Personal perspective

Prevention and therapy of stroke based on randomized controlled trials has made major progress in the last 20 years. The implementation of the new therapy, however, has been too slow. Many countries still do not provide stroke unit care for patients with acute stroke and as a consequence the rate of systemic thrombolysis is low. Secondary prevention of patients with atrial fibrillation or PFO is a good example of the need of cardiologists and neurologists to cooperate for the benefit of the optimal treatment. At present many treatments are available for secondary stroke prevention. Long-term compliance and adherence is low.

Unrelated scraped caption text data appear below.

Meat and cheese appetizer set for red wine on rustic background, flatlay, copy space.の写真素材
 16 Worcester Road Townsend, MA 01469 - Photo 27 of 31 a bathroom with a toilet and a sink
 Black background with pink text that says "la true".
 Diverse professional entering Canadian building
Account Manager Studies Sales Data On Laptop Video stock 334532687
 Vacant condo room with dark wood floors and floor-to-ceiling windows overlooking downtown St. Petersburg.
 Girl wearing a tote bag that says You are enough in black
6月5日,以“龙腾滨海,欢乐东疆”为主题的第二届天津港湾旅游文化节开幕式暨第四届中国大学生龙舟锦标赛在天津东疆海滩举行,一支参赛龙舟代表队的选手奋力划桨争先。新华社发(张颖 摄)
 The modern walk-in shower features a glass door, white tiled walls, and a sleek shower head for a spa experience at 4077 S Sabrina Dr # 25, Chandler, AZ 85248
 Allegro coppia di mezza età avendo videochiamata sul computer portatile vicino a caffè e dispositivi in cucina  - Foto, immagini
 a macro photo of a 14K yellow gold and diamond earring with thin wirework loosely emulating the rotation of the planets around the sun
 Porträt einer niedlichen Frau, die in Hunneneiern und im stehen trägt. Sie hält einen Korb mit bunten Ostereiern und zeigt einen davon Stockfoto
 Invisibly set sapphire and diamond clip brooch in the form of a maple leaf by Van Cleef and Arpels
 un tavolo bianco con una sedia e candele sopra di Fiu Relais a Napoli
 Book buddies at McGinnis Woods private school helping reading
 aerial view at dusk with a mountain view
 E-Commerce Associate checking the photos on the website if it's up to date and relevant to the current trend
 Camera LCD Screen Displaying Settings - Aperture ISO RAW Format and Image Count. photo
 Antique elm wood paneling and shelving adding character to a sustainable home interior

One possibility to improve this situation would be integrated stroke care with risk factor control and medical or surgical (interventional) therapy provided and organized by stroke centres. At a later time, when the risk of recurrent stroke has declined, care can be handed over to the internist or general practitioner in private practice.